Susan Ulrey, who oversees the SB178 program for the education department, said schools and districts were required by law to return any funds not used by June 30, 2018. The extra money was designed to help schools provide academic interventions to the most at-risk students.
“I think that the very small percentage of funds that was returned shows that the schools and districts were successful in expending the funds for the students that met the eligible criteria,” she said. “I would look at it more as a percentage than as a dollar amount.”
Reasons for the returned funds varied. Ulrey said some rural schools struggled to hire the right personnel for the intervention programs, while others wound up with several hundred unused dollars after carefully spending their funds.
The Churchill County School District gave back its entire allotted amount — $24,000 — for the 2017-2018 academic year. Superintendent Summer Stephens, who started last summer, said her understanding is that “logistical issues” played a role in the district’s inability to use the money.
The rural district received the funds after plans for the 2017-2018 year were in place, she said, and the amount wasn’t enough to cover the cost of starting any new improvement program.
“We certainly do not like turning back any money, but I think it was all in the process last time,” Stephens said.
The Churchill County School District won’t be returning any funds this time. The district received SB178 funds totaling $510,000 this year, Stephens said, and has spent all that money on class-size reduction efforts and various academic supports at an elementary, middle and high school.
Nevada Virtual Academy, which gave back the largest amount of money, also blamed its funding return on timing. Emily Riordan, a spokeswoman for the online school, said the Nevada State Public Charter School Authority did not transfer the SB178 funds to Nevada Virtual Academy until September 2017.
“As a result NVVA was unable to allocate all the funds to fill positions for the entire school year,” she said in a statement. “That, coupled with actual resource costs coming in lower than expected, meant that the school did not spend the entirety of its award during the 2017/18 school year.”
The Washoe County School District returned $15,291 or about 4 percent of its allocation. District officials said they considered that amount “reasonable” because it’s difficult to spend down grant amounts to a precise end point. Rather than risk cost overruns, they erred on the side of caution.
“In closing, we would ask that SB 178 funds be subject to the same biennium carryover regulations in the Victory and Zoom programs, which would make all three types of schools equal in the ability to carryover funds from the first year of the biennium into the second year of the biennium,” David Lasic, Washoe County School District’s chief of staff, wrote in a statement.
Sen. Joyce Woodhouse, who is vice chair of the Senate Education Committee, said lawmakers will be examining that issue as they craft a bill for a new funding formula. The forthcoming bill will address the various categorical funds that exist — such as Zoom and Victory programs — along with SB178 money.
Zoom and Victory funds help schools serving large populations of students learning English as a second language and children from low-income households. SB178 funds, meanwhile, have gone to students performing in the bottom quartile who don’t attend a Zoom or Victory school and who don’t receive special education services.

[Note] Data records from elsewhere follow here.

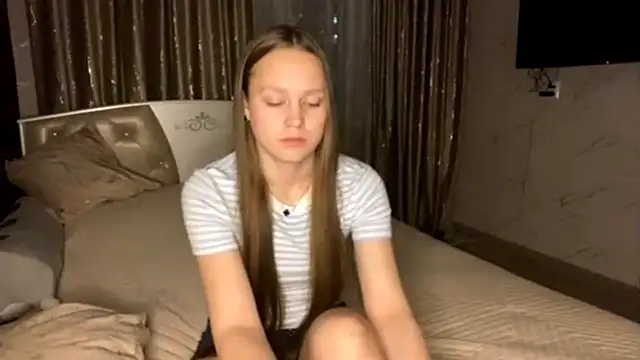 SoSweetGirl online show from October 2025 12:22:02 PM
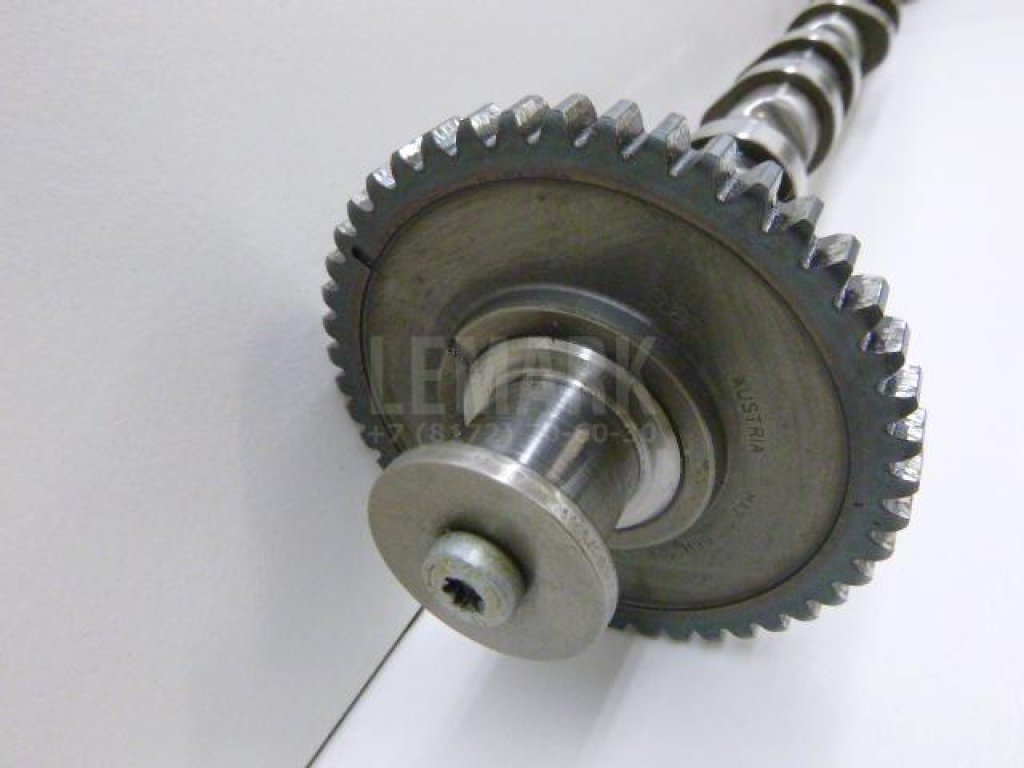 Распредвал выпускной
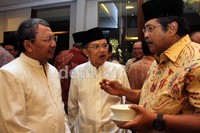 Jusuf Kalla berdiskusi dengan sejumlah tokoh seperti Fahmi Idris dan mantan menteri pertanian Anton Aprianto.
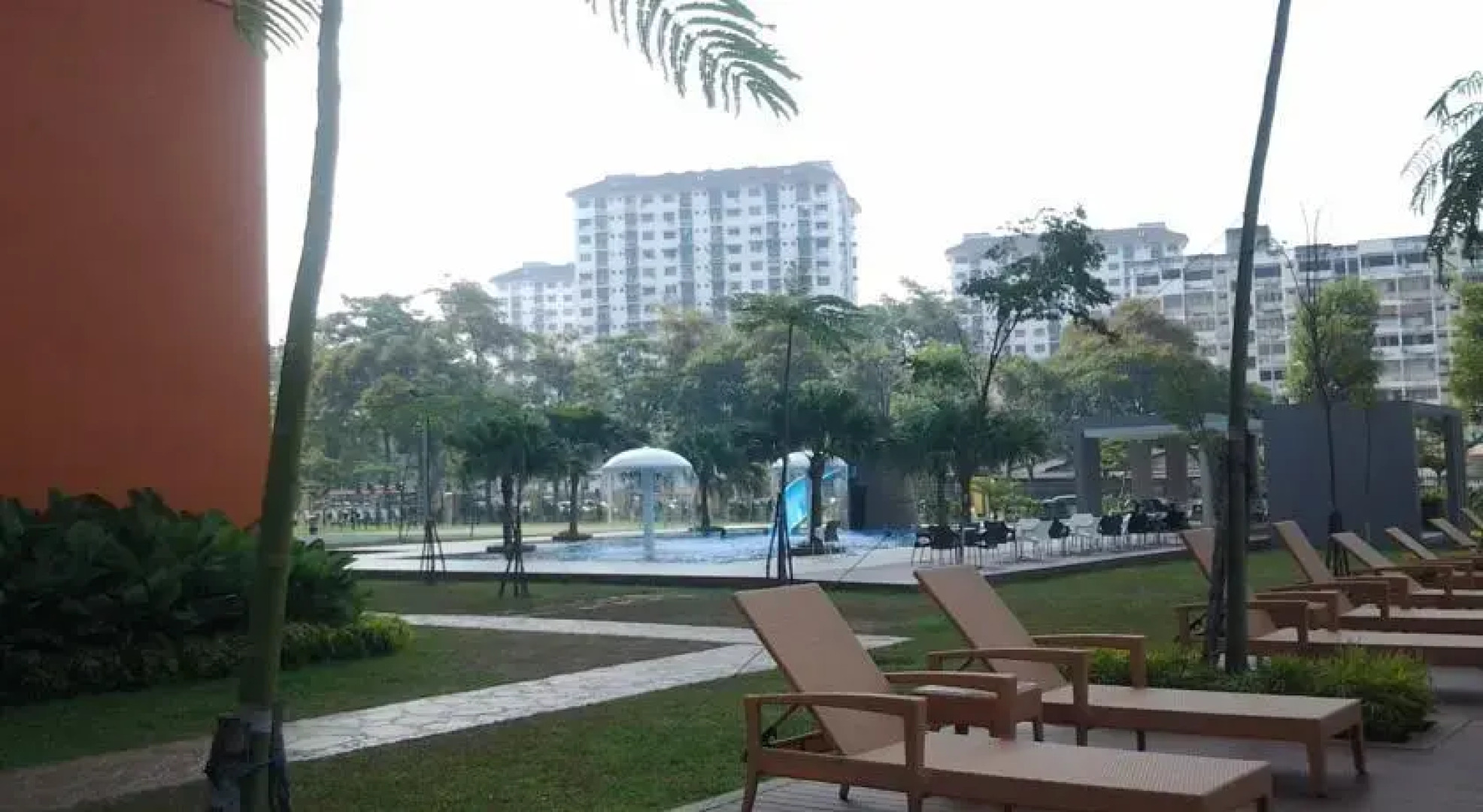 Greenlane Luxury Condominium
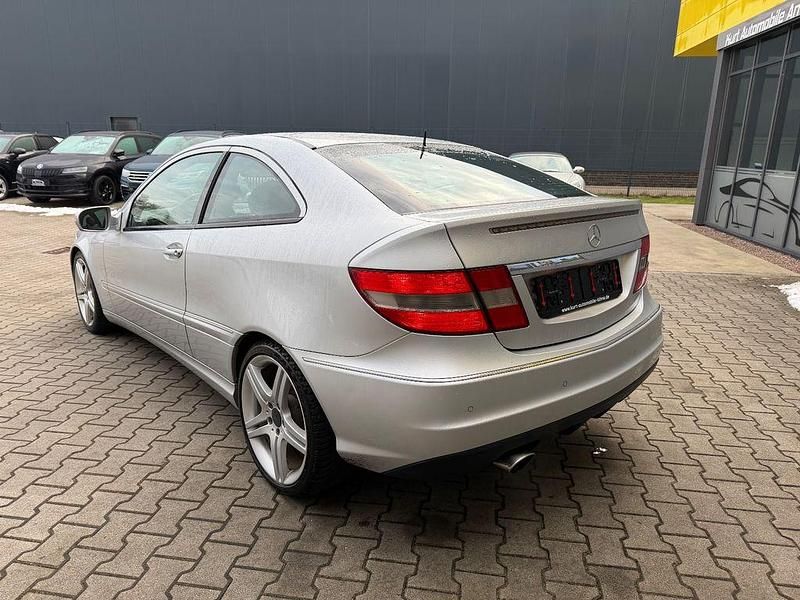 Gebraucht Mercedes CLC180 143 PS (105 kW) 2009 Silber Kleinwagen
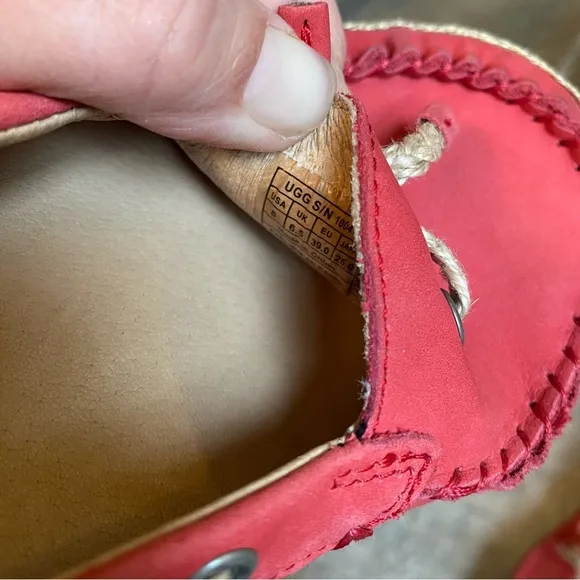 UGG Chivon Moccasins Driving Shoes Loafers Nubuck Leather Suede Tassel Slip On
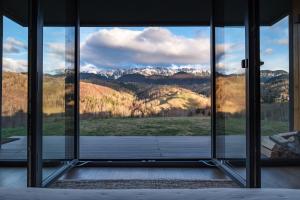 an open room with a view of a mountain range at Amont Chalet in Peştera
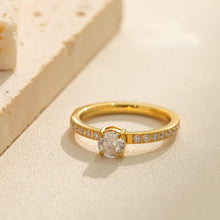 Lade das Bild in den Galerie-Viewer, Dezent Ring - SHAHDIA
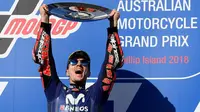 Pembalap Movistar Yamaha, Maverick Vinales, menjuarai MotoGP Australia, di Sirkuit Phillip Island, Minggu (28/10/2018). (AP/AP Photo/Andy Brownbill)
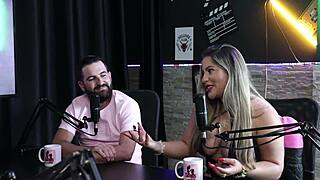 Ela Sente Ciúmes Mesmo Sendo Liberal O Marido Não Deixa Ela Dar Pra Outro Fez Sexo Anal E Transou No Caminhão - Juli Figueirã E Felipe Larrossa Sheer Red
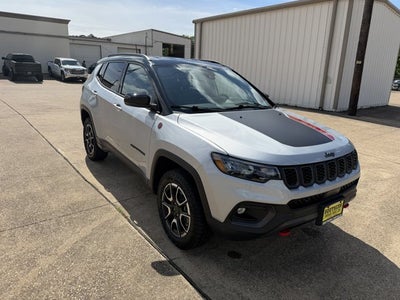 2025 Jeep Compass Trailhawk 4x4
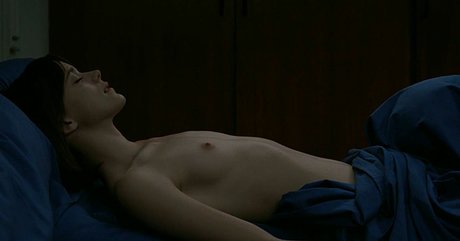 Stacy Martin nice actress pics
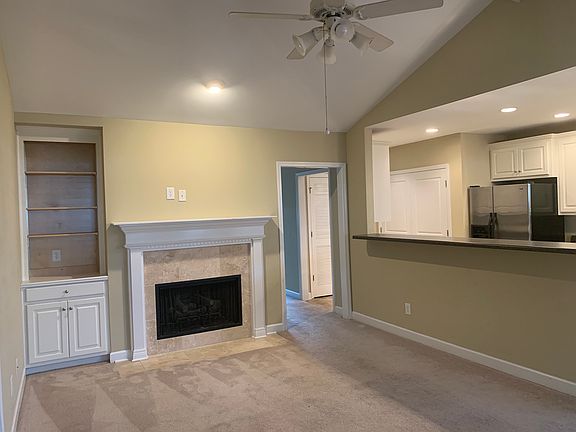 Den & Kitchen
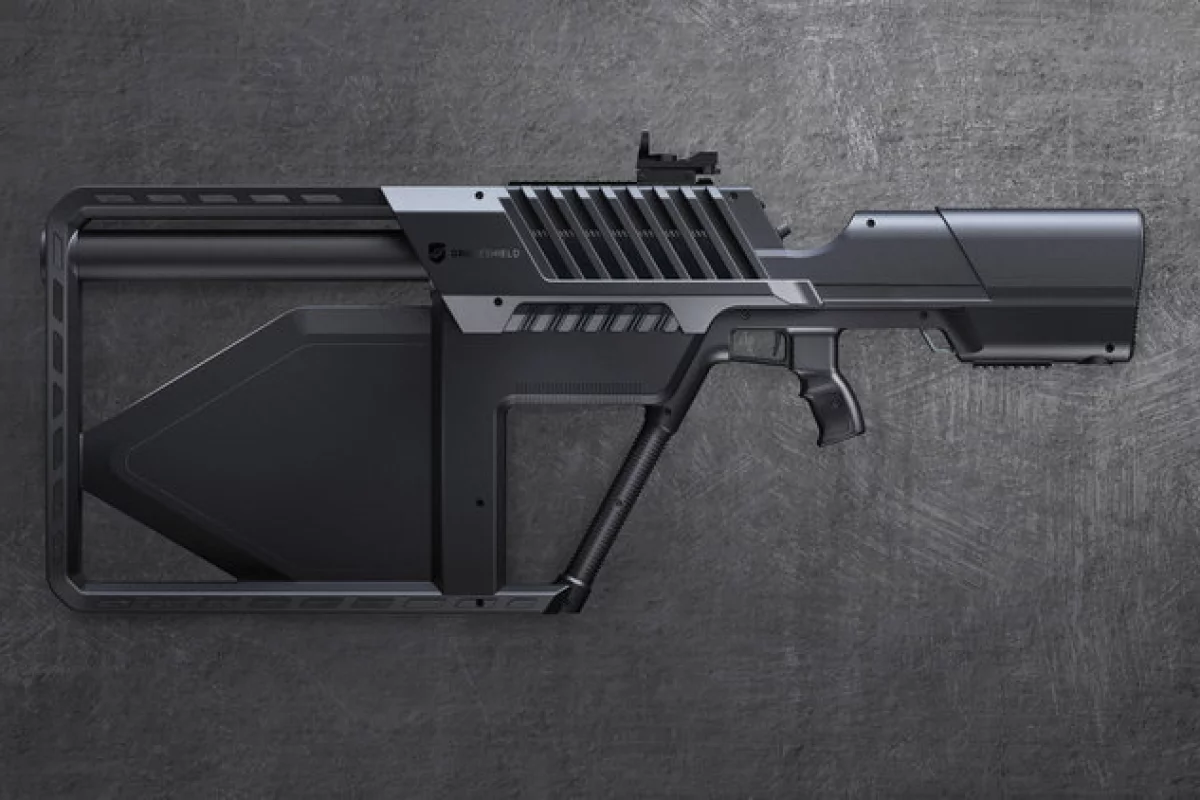 The DroneGun Tactical is smaller than the previous anti-drone model, but can jam a wider range of frequencies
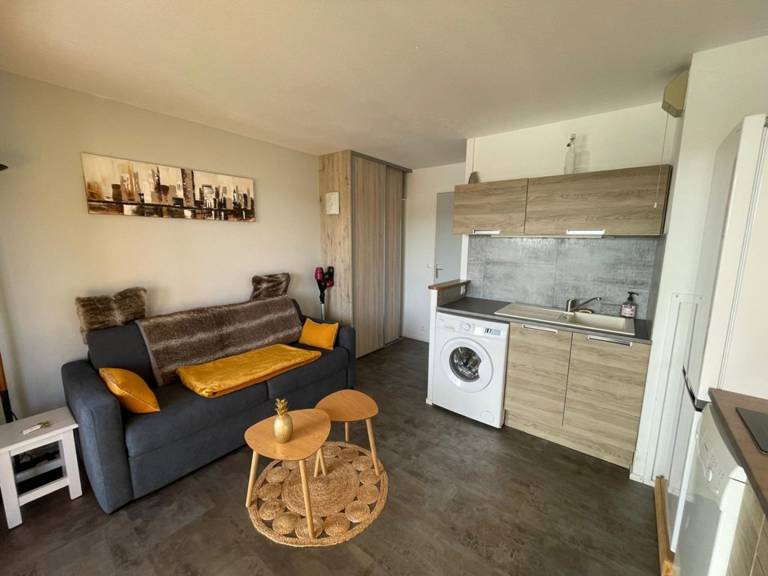 Holiday apartment with pool — photo 4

Gov. Steve Sisolak has said he wants the state to move away from categorical funds, which only serve certain schools, and toward a weighted-funding model that would let education dollars follow students based on their needs.
“I just can’t say exactly how it’s going to land because we’re still working out the details,” Woodhouse said.
When lawmakers approved SB178 in 2017, it carried a $72 million price tag — or $36 million per year of the biennium. It was enough money to serve 30,000 students each year.
Sisolak wants to nearly double weighted funding for the next biennium. His budget proposal includes an additional $33.9 million per year for SB178 funds, meaning roughly 58,250 students could benefit. That would allow the funds to reach all students performing in the lowest quartile regardless of their school’s star rating. As it stands now, only the most underperforming students in lower-rated schools receive SB178 funds.
Although some districts or schools returned SB178 funds after the first year, the money didn’t go unused. Ulrey said the state has allocated that money to Centennial High School in Las Vegas, which was the next school with eligible students on the list.
Centennial High School has the remainder of this academic year to put those funds to use.